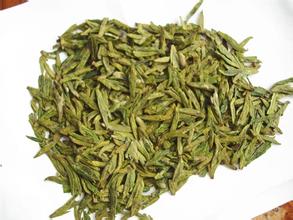 苍南翠龙茶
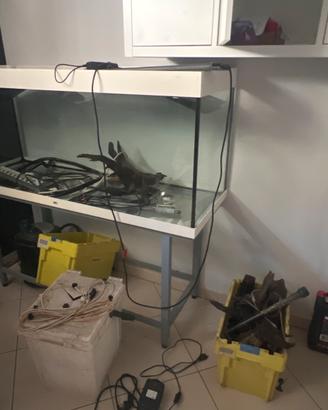 Acquario jawel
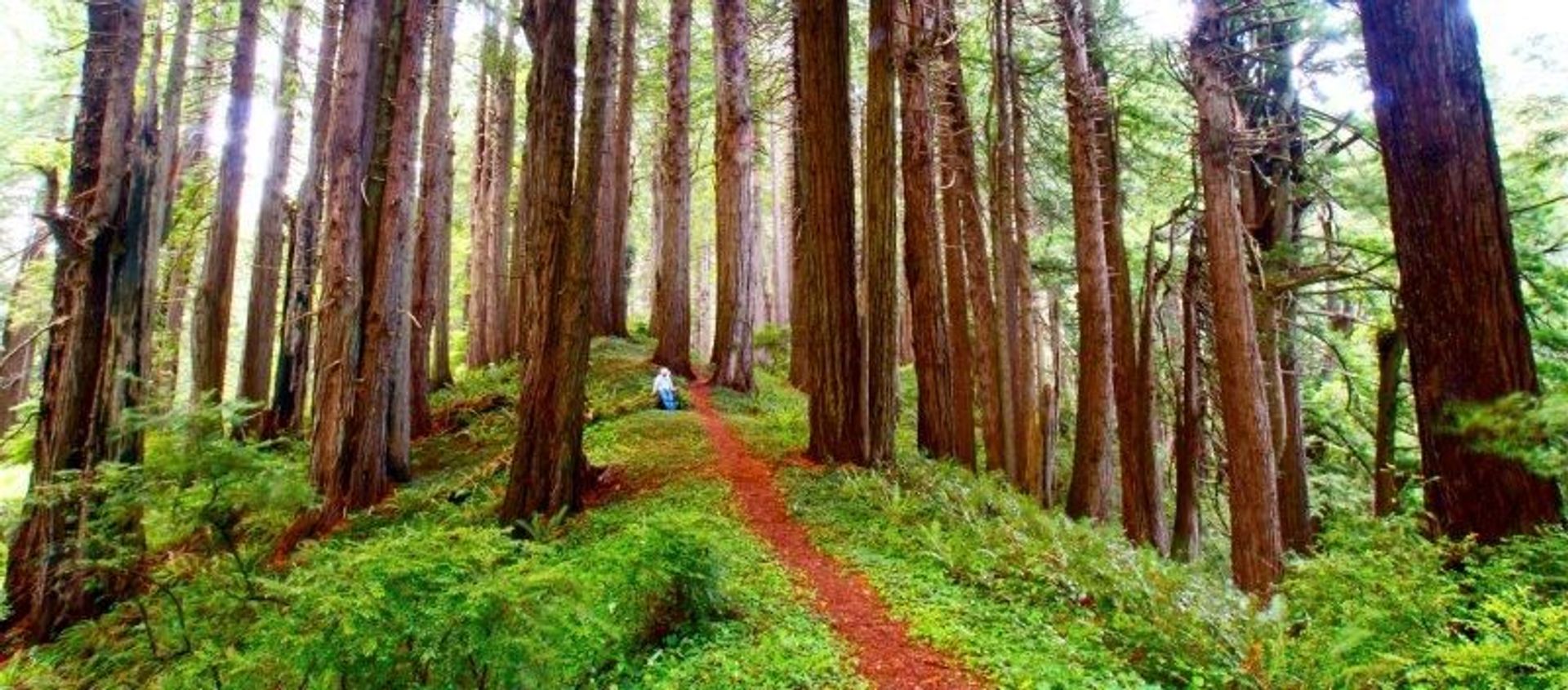 Image of California State Park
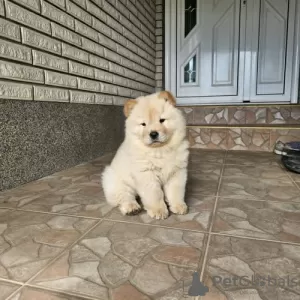 Dodatkowe zdjęcia: Męski chow chow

######

▶ **EXERCISE GOAL**: In the copy, omit the pictures and give every line of the data exactly.

▶ **ANSWER BOX**:
 苍南翠龙茶
 Acquario jawel
 Image of California State Park
 Dodatkowe zdjęcia: Męski chow chow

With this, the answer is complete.